Durante el sábado permanecieron juntos sin moverse, sostenidos en su fe por la Santísima Virgen, como se vio antes. No todos, sin embargo, tuvieron la misma paciencia en la forzada inactividad. Dos de los discípulos, no de los once —Judas ya no contaba- sino de aquellos setenta y dos que mencionan los Evangelios, determinaron marcharse: habían sido unos años maravillosos los que estuvieron cerca de Jesús disfrutando con los otros de su presencia y de sus palabras; pero en aquella sorda batalla entre Jesús, intentando quebrantar la dureza de corazón de los judíos, y el Sanhedrín con los escribas y fariseos intentando quitar de en medio a Jesús, cuya predicación destruía su visión de un Mesías puramente terreno y al servicio de intereses temporales, los judíos habían vencido, Jesús estaba muerto, y aquella estupenda aventura había terminado, de modo que cuanto antes reanudaran su vida donde la habían dejado para ir tras de Jesús, mejor. Allí no había ya nada que hacer.
Era, sin embargo, imposible emprender el camino por razones del descanso sabático; y al terminar, al anochecer del sábado, no era momento de emprender, ya de noche, el camino hacia su aldea, de manera que permanecieron con los otros hasta el domingo.
Mientras tanto habían sucedido algunas cosas. En un momento determinado, antes de la aurora, «se produjo un gran terremoto, pues un ángel del Señor descendió del Cielo, y acercándose removió la piedra y se sentó sobre ella (...). Llenos de miedo, los guardias se atemorizaron y se quedaron como muertos» (Mt 28, 2 y 4). Pero tan pronto se recuperaron emprendieron la desbandada hacia Jerusalem, pues al llegar las mujeres no vieron a guardia alguno.
En efecto, dice San Marcos refiriéndose a las mujeres que compraron los aromas que «muy de mañana, al día siguiente del sábado, llegan al sepulcro, salido ya el sol, y se decían unas a otras: ¿quién nos quitará la piedra de la entrada del sepulcro? Y al mirar vieron que la piedra estaba quitada; era ciertamente muy grande» (Me 16, 2-4). Quizá para entonces Jesús había aparecido ya a su Santísima Madre, que debió ser la primera persona que vio a Jesús resucitado. El hecho de que los Evangelios no mencionen esta aparición no significa que no la hubiera habido en la realidad. Hay muchas cosas que los Evangelios no dicen, y desde luego ninguna que se refiera a la intimidad de la relación entre Madre e Hijo. El mismo San Pablo, por ejemplo, dice que Jesús «se apareció a Cefas», pero esta aparición tampoco viene en ninguno de los Evangelios.

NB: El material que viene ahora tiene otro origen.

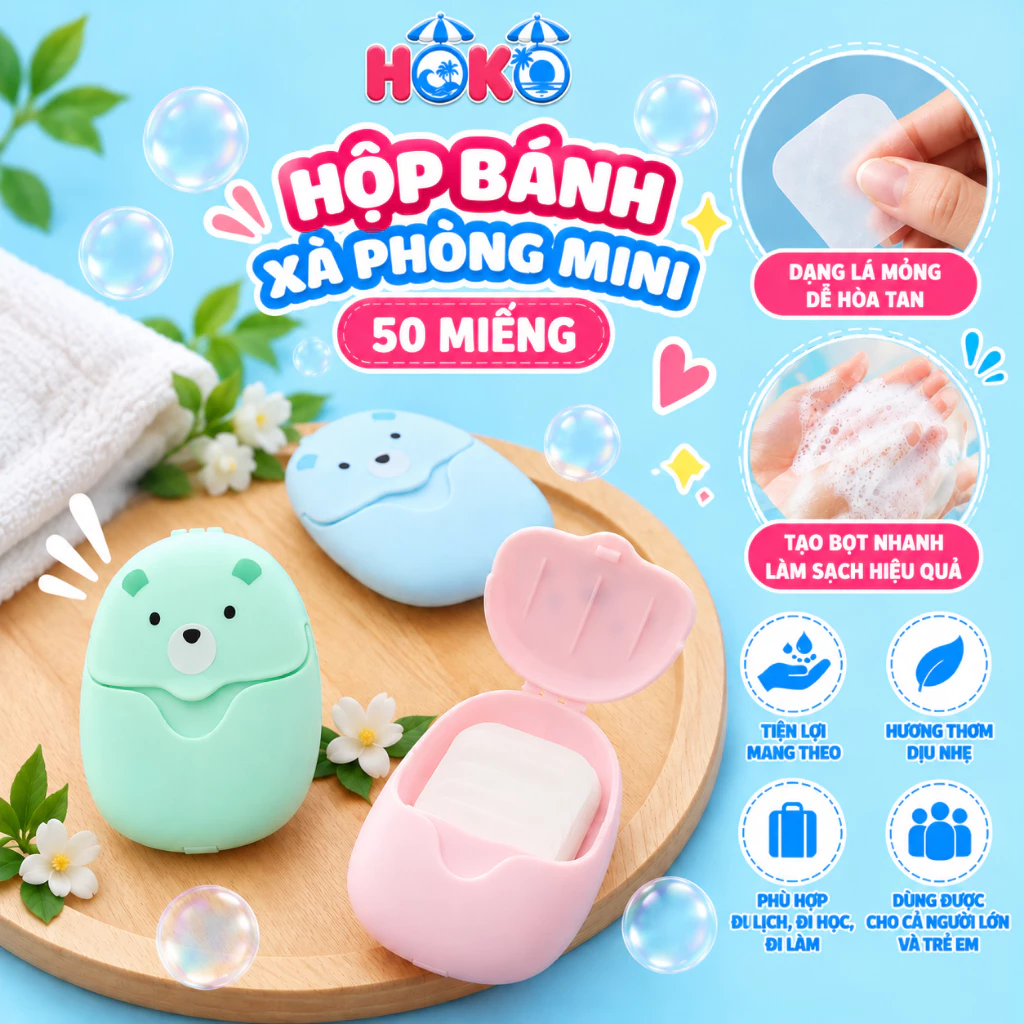Hộp Xà Phòng Mini Cầm Tay Di Động HOKO Tiện Lợi Cho Đi Du Lịch, Dã Ngoại, Đi Chơi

Aparte las razones que casi pueden calificarse de sentido común (¿se puede pensar razonablemente que Jesús se apareciera a María Magdalena y no a la Virgen María?), hay un texto de Santa Teresa muy expresivo. En sus Relaciones (XV, 4) escribió cómo un día se le apareció el Señor después de comulgar y, «díjome que en resucitado había visto a Nuestra Señora, porque estaba ya en gran necesidad, que la pena la tenía tan absorta y traspasada que aún no tornaba luego en sí para gozar de aquel gozo».
Las mujeres llegaron al sepulcro «salido ya el sol». Pero según el relato de San Juan, no fueron las primeras en llegar:
El día siguiente al sábado, al amanecer, cuando todavía estaba oscuro, María Magdalena fue al sepulcro y vio quitada la piedra del sepulcro. Entonces echó a correr, fue a Simón Pedro y al otro discípulo al que Jesús amaba y les dijo: «Se han llevado al Señor del sepulcro y no sabemos dónde lo han puesto» (Jn 20, 1-2).